====== Exercise inputs ======

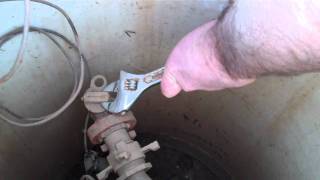 How to turn the water off at your water meter [upl. by Arras]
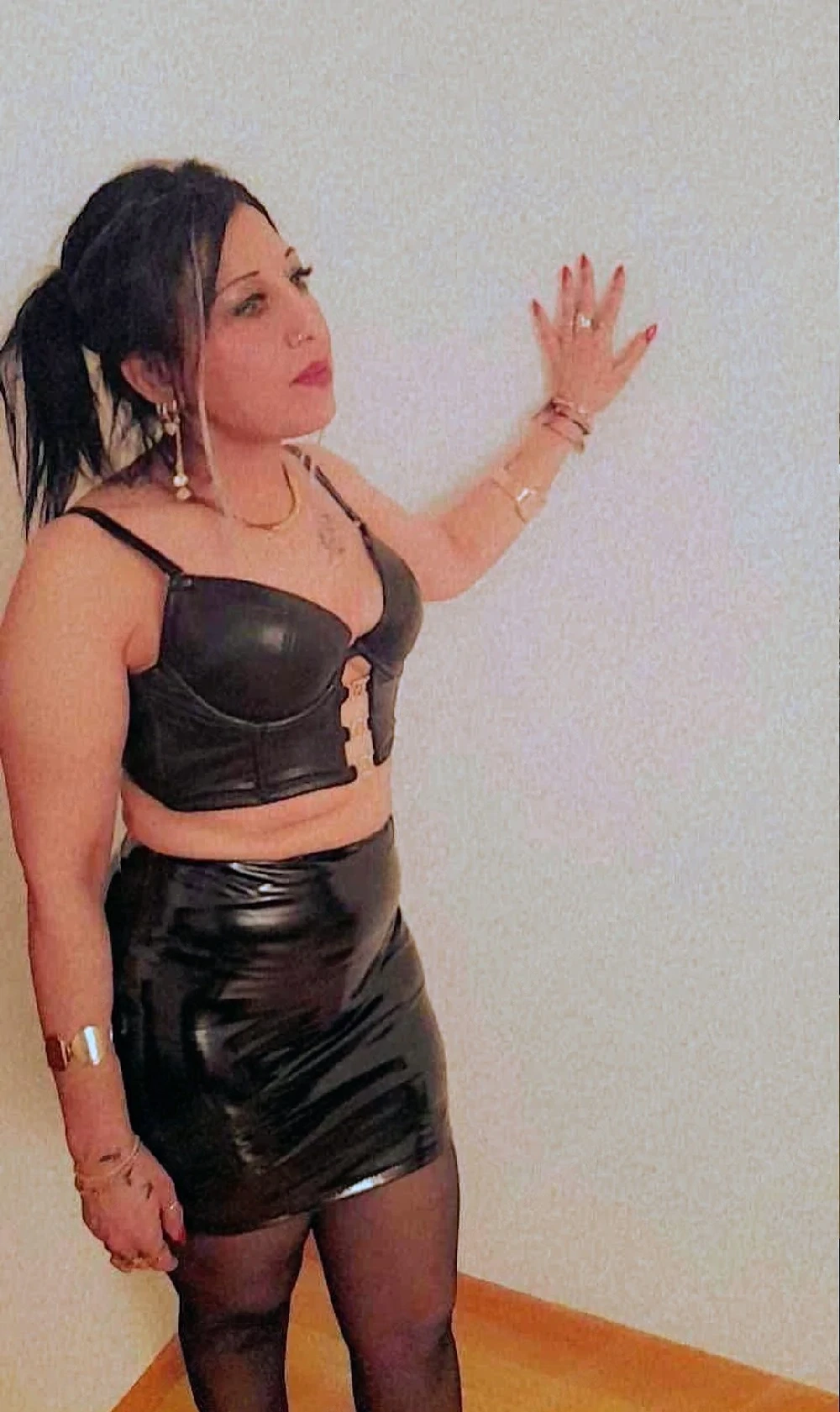 Neu in der stadt Türkische Milf 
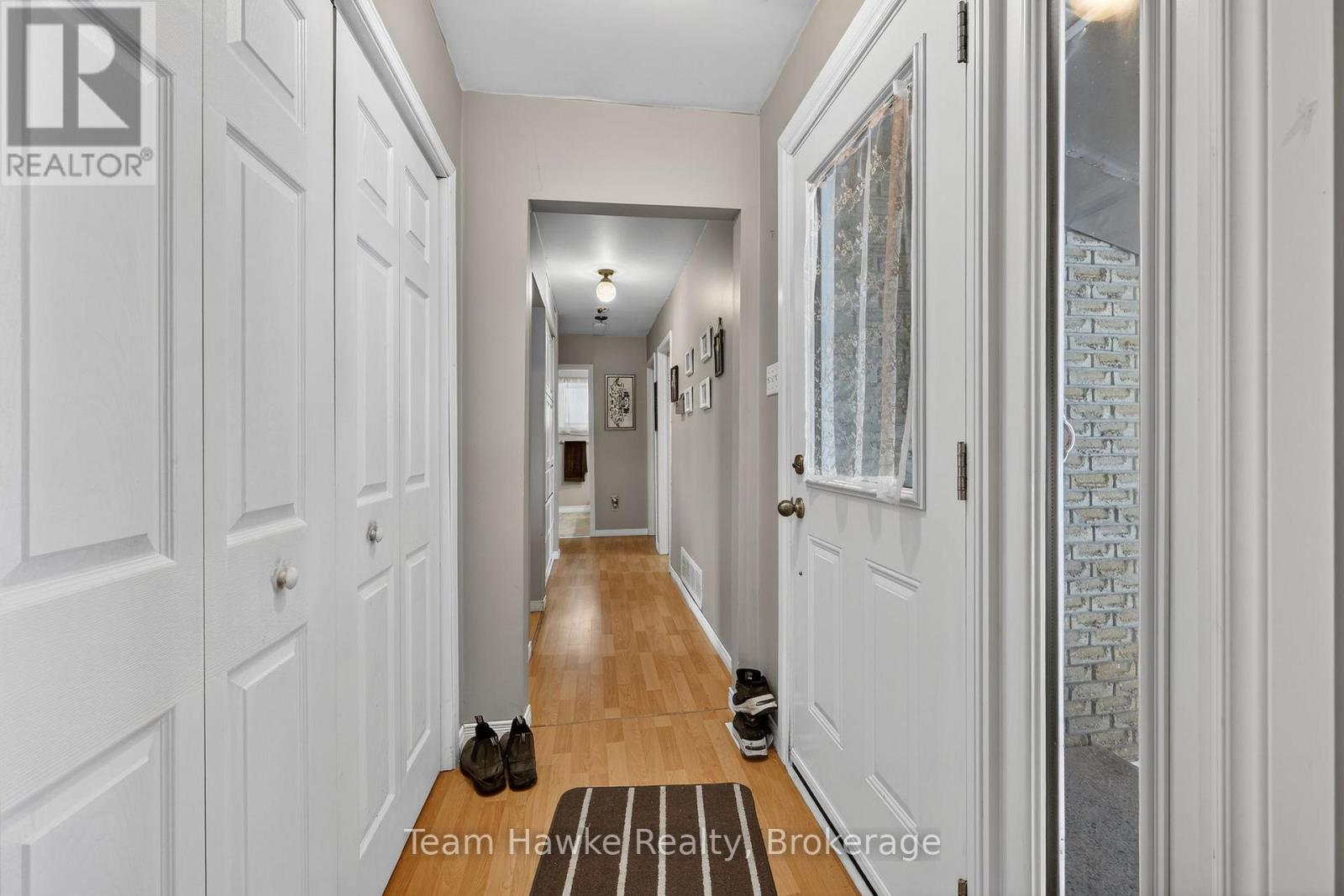 575 Simcoe Avenue, Tay (Port Mcnicoll), Ontario  L0K 1R0 - Photo 6 - S12913916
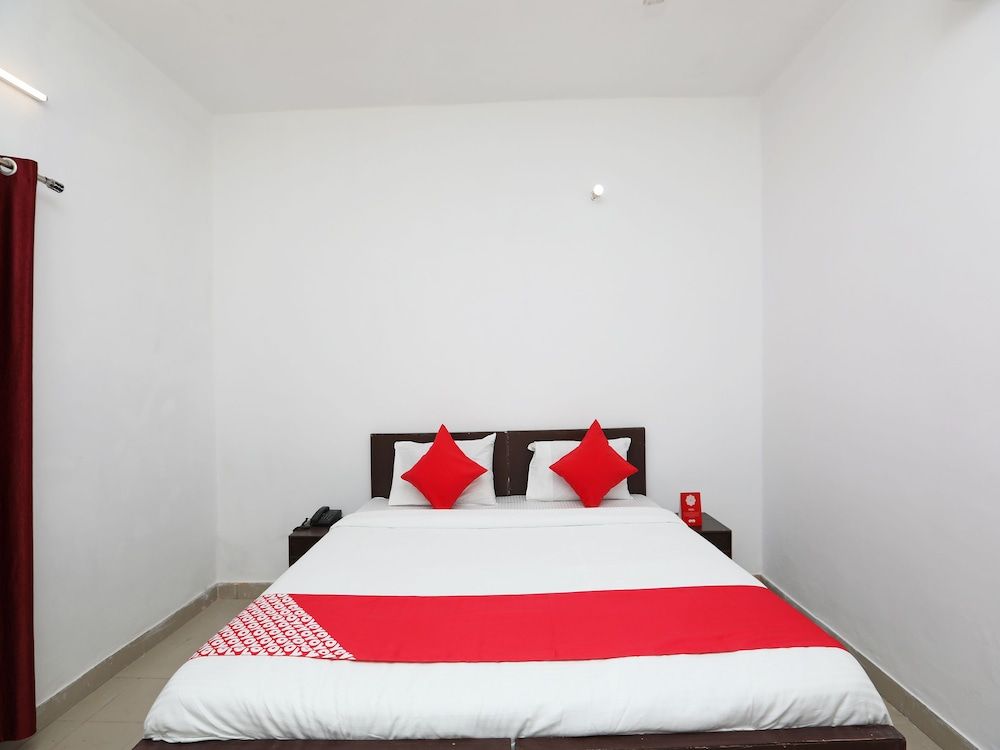 undefined OYO 36700 Moonlight Residency 10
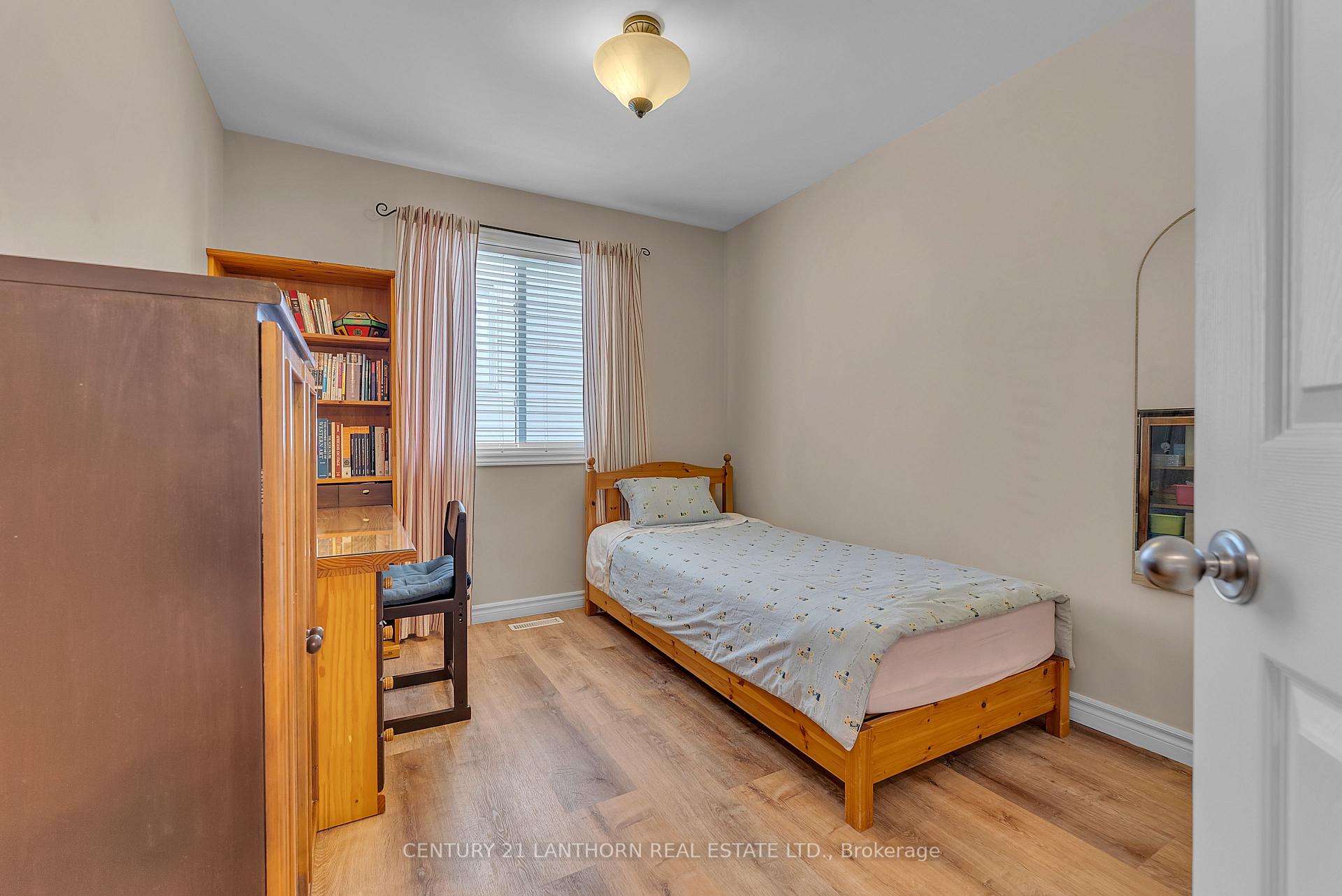 Photo 21 of 5 Finch Drive, Belleville, Belleville Ward — HOMEH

======

§ **What the task asks**:
Transcribe every record exactly and omit each image.

§ **Exercise result**:
 How to turn the water off at your water meter [upl. by Arras]
 Neu in der stadt Türkische Milf 
 575 Simcoe Avenue, Tay (Port Mcnicoll), Ontario  L0K 1R0 - Photo 6 - S12913916
 undefined OYO 36700 Moonlight Residency 10
 Photo 21 of 5 Finch Drive, Belleville, Belleville Ward — HOMEH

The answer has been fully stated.